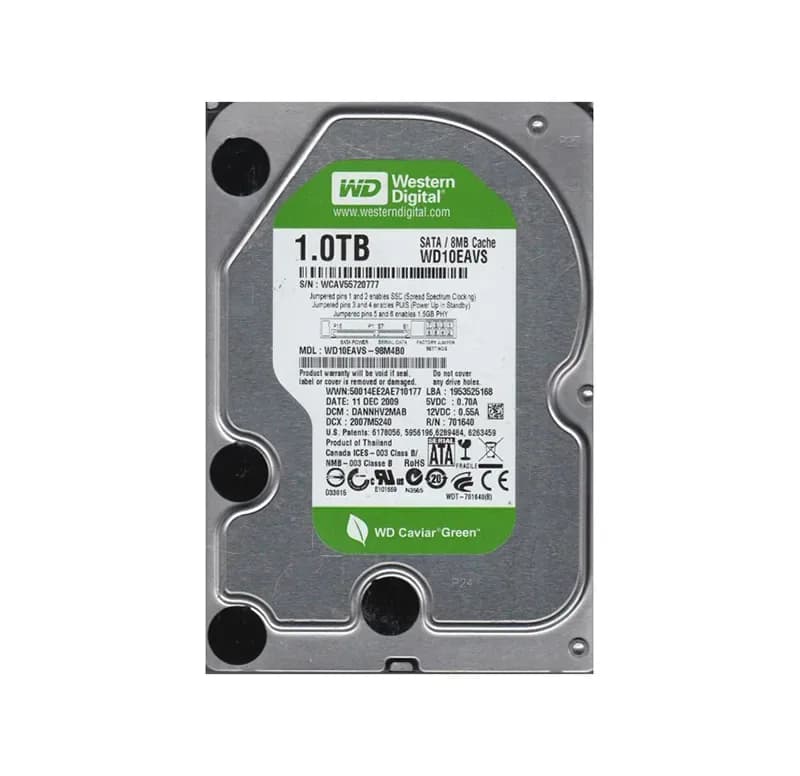 Western Digital WD10EAVS-98M4B0 1TB 3Gb/s SATA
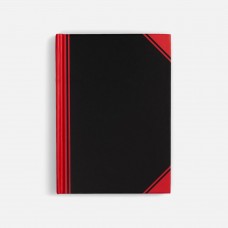Блокнот Accenti Mini, черный с красным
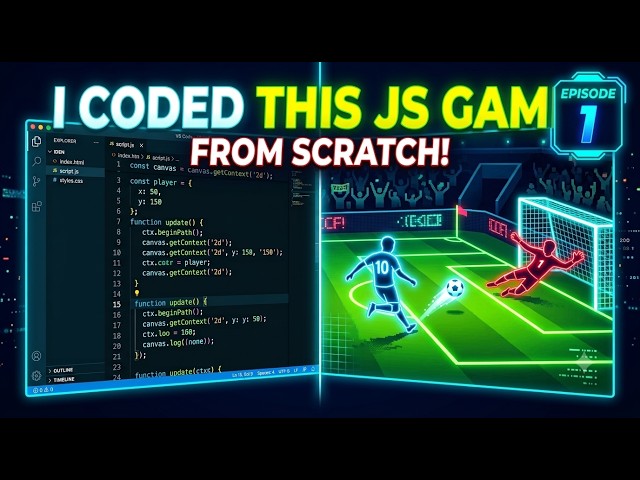 I Coded a 2D Football Game in Pure JavaScript (From Scratch)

**Problem to work on**
When you reproduce the data shown above, keep each line exact and omit every picture.

**Solution to the problem**
 Western Digital WD10EAVS-98M4B0 1TB 3Gb/s SATA
Блокнот Accenti Mini, черный с красным
 I Coded a 2D Football Game in Pure JavaScript (From Scratch)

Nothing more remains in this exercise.